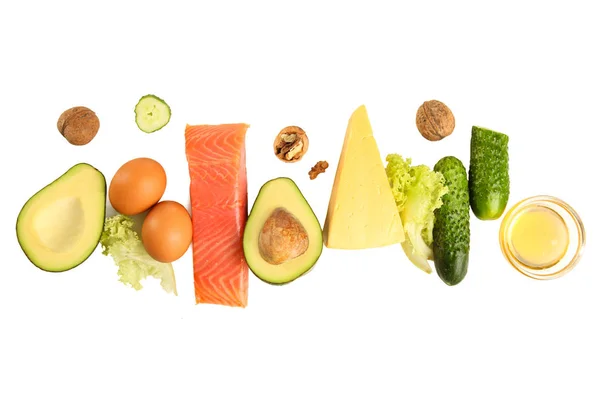 Ketojenik diyet için düşük karbonhidrat ürünleri — Stok fotoğraf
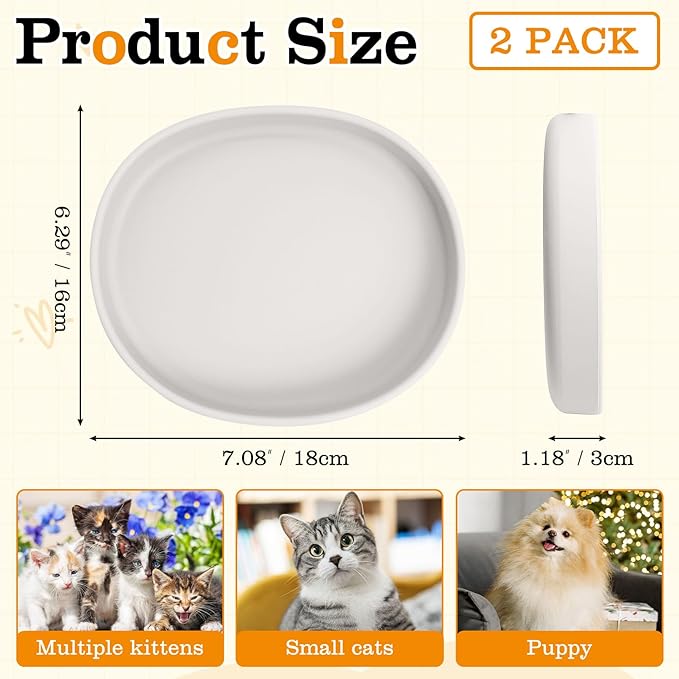 BNOSDM Silicone Dog Food Plate Shallow Dogs Bowl Flat Cat Dish 2 Pack Small Puppy Plates for Small Dog and Cats Whisker Fatigue Pet Feeding Bowls for Dry and Wet Food (Grey)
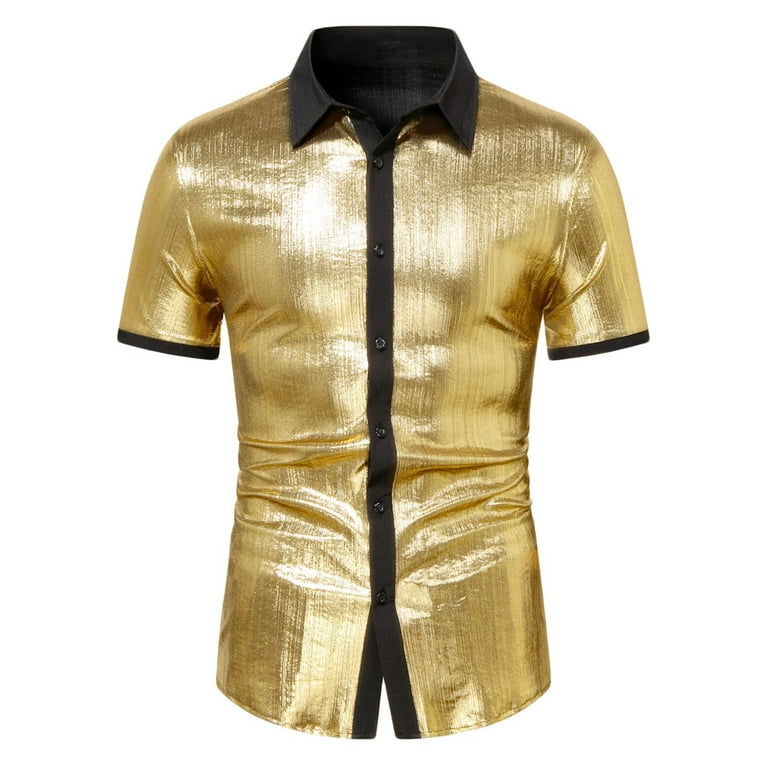 JUUYY Men s Shiny Lapel Short Sleeve Button Down Dress Shirt Summer Slim Fit Solid Color Shirts Top for Nightclub or Party Wear Gold XL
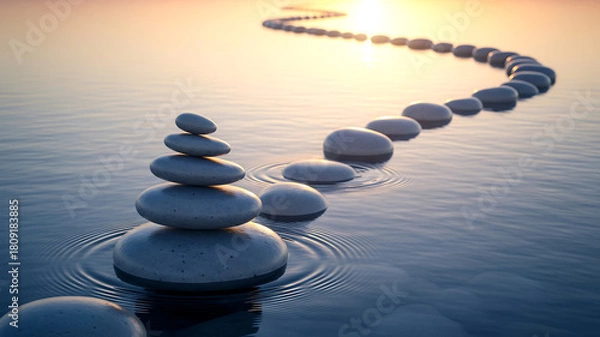Fototapeta zen balance stone stack and path over tranquil water at sunset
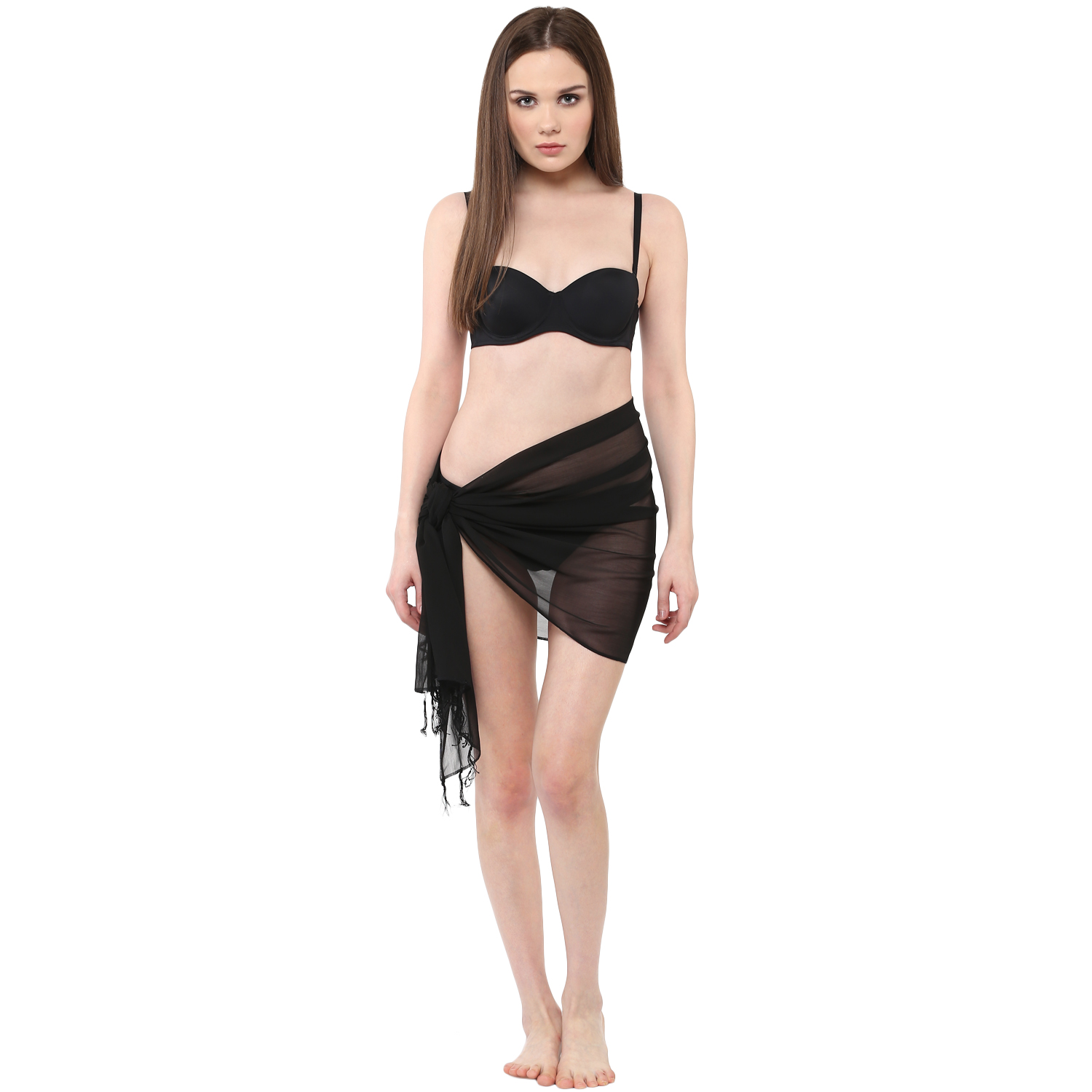Half Sarong Women Solid Plain Beach Swimsuit Sheer Cover Up - Picture 8 of 23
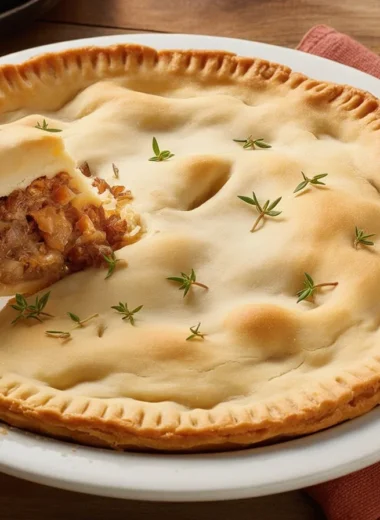 Homemade classic meat pie with beef, pork, and potato filling in flaky pastry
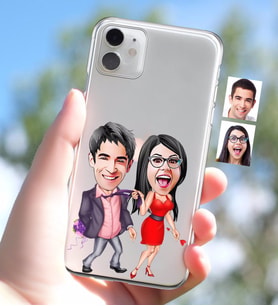 BK Gift Kişiye Özel Sevgililer Karikatürlü iPhone 11 İnce Şeffaf Silikon Telefon Kapağı-4 (Beyaz)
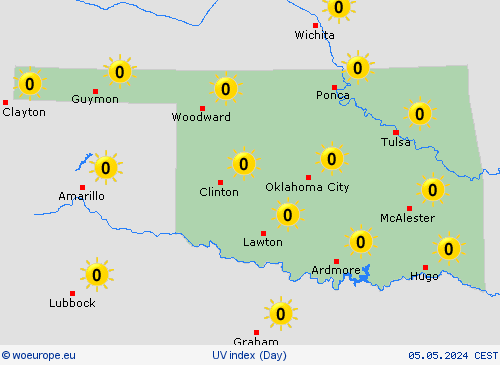 uv index Oklahoma North America Forecast maps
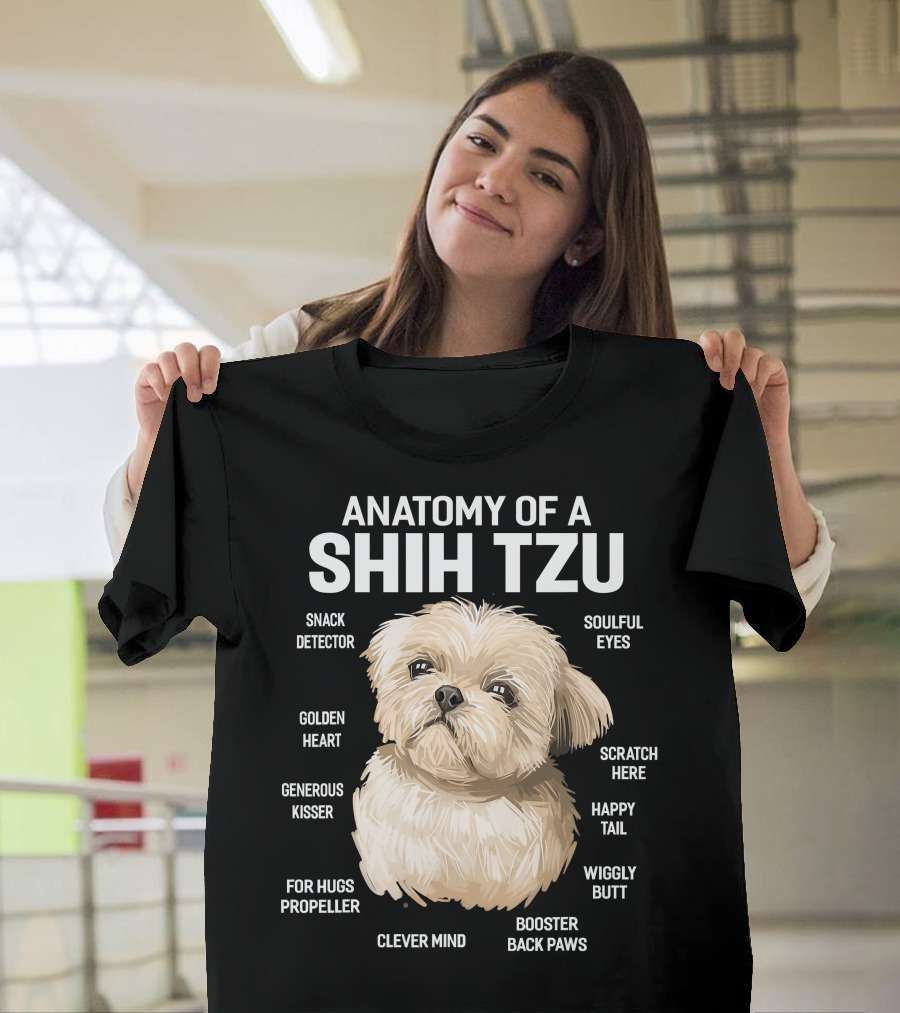 Anatomy of a Shih Tzu Dog 365 Fluff Button Snowball Feature Cuddle Zone Pillow Tail Black Button Sniffer Ears Pom Pom Paws Wookie Chewbacca Eyes T-Shi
= = = =
Line by line, output the material above exactly, passing over the pictures.

 Ketojenik diyet için düşük karbonhidrat ürünleri — Stok fotoğraf
 BNOSDM Silicone Dog Food Plate Shallow Dogs Bowl Flat Cat Dish 2 Pack Small Puppy Plates for Small Dog and Cats Whisker Fatigue Pet Feeding Bowls for Dry and Wet Food (Grey)
 JUUYY Men s Shiny Lapel Short Sleeve Button Down Dress Shirt Summer Slim Fit Solid Color Shirts Top for Nightclub or Party Wear Gold XL
Fototapeta zen balance stone stack and path over tranquil water at sunset
Half Sarong Women Solid Plain Beach Swimsuit Sheer Cover Up - Picture 8 of 23
 Homemade classic meat pie with beef, pork, and potato filling in flaky pastry
 BK Gift Kişiye Özel Sevgililer Karikatürlü iPhone 11 İnce Şeffaf Silikon Telefon Kapağı-4 (Beyaz)
 uv index Oklahoma North America Forecast maps
 Anatomy of a Shih Tzu Dog 365 Fluff Button Snowball Feature Cuddle Zone Pillow Tail Black Button Sniffer Ears Pom Pom Paws Wookie Chewbacca Eyes T-Shi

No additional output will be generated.